As long as they aren’t a total loony (Moseley Braun?), I’d almost certainly vote for a woman candidate for little reason other than her sex. I’d do the same for a black person. (Too bad Moseley Braun is a loony.) I feel that the symbolic value of breaking these barriers is enormous and justifies overriding other concerns. I recognize that reasonable people will differ with me on this. But I don’t think my position is unreasonable.
I’ve always liked Elizabeth Dole and I would have voted for her against Gore had she gotten the nomination. I’ve liked her ever since she was the chair of the Republican National Committee during the Reagan era and she single-handedly resisted the inclusion of an anti-abortion plank in the platform. I think she got a bad rap in the media when she was running. And her husband wasn’t very supportive.
Ooh—if only there were a moderate Democrat female candidate who is a veteran. Wow. That’d be so cool.
Oy veh. I have only one word to say on this issue - Thatcher. No indeed sex does not trump everything, or much of anything.
Keith, you’re being way too kind. That’s the nicest thing I’ve heard anybody say about Moseley Braun…
I’d like to echo Ophelia Benson’s timely reminder of Margaret Thatcher. I remember when she first ran for office that feminists across the UK were debating whether it was more important to have a woman in office, than party politics. Many thought that Thatcher would be remembered more for her gender than for her politics and voted accordingly. Boy, I bet they felt stupid!
I don’t know. Thatcher may have furthered the cause of women, worldwide, more than she hurt them by virtue of her policies.
I think that a female candidate for President of the US is now viable. But I don’t think that the general perception is that this is the case. How many fictional portrayals of the UK Prime Minister have been female since Thatcher’s day? How many fictional portrayals of US Presidents have been female?
Especially where legal barriers are removed or don’t exist, self-selection effects can be very large. I guarantee that a female US President would be followed by a large increase in the number of female Senators and US Representatives. And while the benefit of this may be hard to quantify; to me, in a world just now taking the first steps to eliminate sexism, it’s enormously important.
Preferring women for political office, merely because they are women, is sexist. Plain and simple. Maybe the historical sexism of the past justifies sexism in response, but that doesn’t make it any less sexism.
Depends upon one’s definition of “sexism”. As in the case of “racism”, if it means to “discriminate on the basis of X”, then you’re absolutely correct. If it means “oppression of a class of people on the basis of X” then your are not. Both definitions are useful for different purposes.

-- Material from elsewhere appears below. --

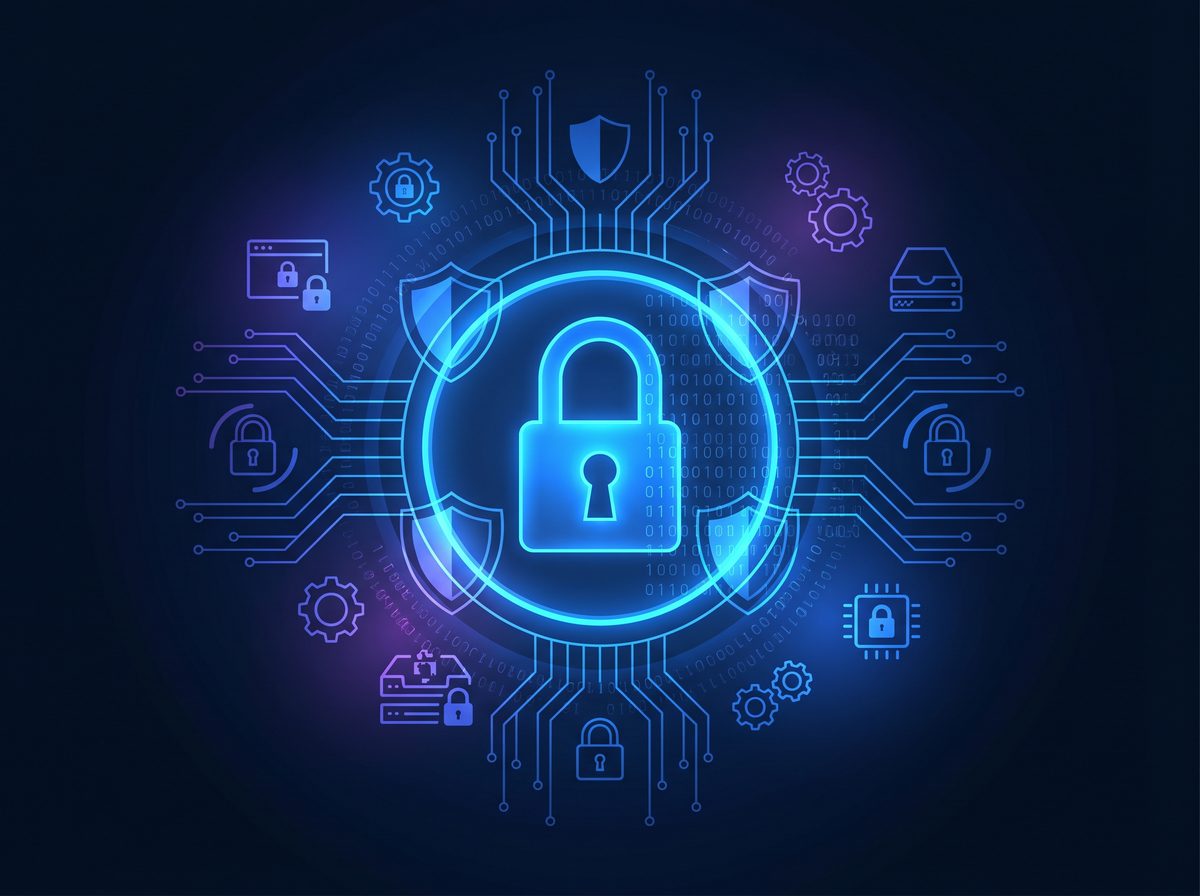 码农加速器安全防护体系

In this case, it would have been better had I written “oppression of women” instead of “sexism”.
As it happens, contrary to what you might expect from this exchange, I parted ways about ten years ago with contemporary feminism (as it had become “difference feminism”) and began self-identifying as an “anti-sexist” rather than as a “feminist”. And, as a general rule, I think that the cause of women (and men) in our society is now best served by an anti-sexist agenda rather than a feminist agenda. Even so, there are definitely exceptions where I feel that an explicitly “sexist” (in your terms), pro-woman position is still warranted.
And, in much of the non-Western world, women are still effectively chattel and the focus quite rightly should be upon ending their slavery, not ending “sexism” in its generalized sense.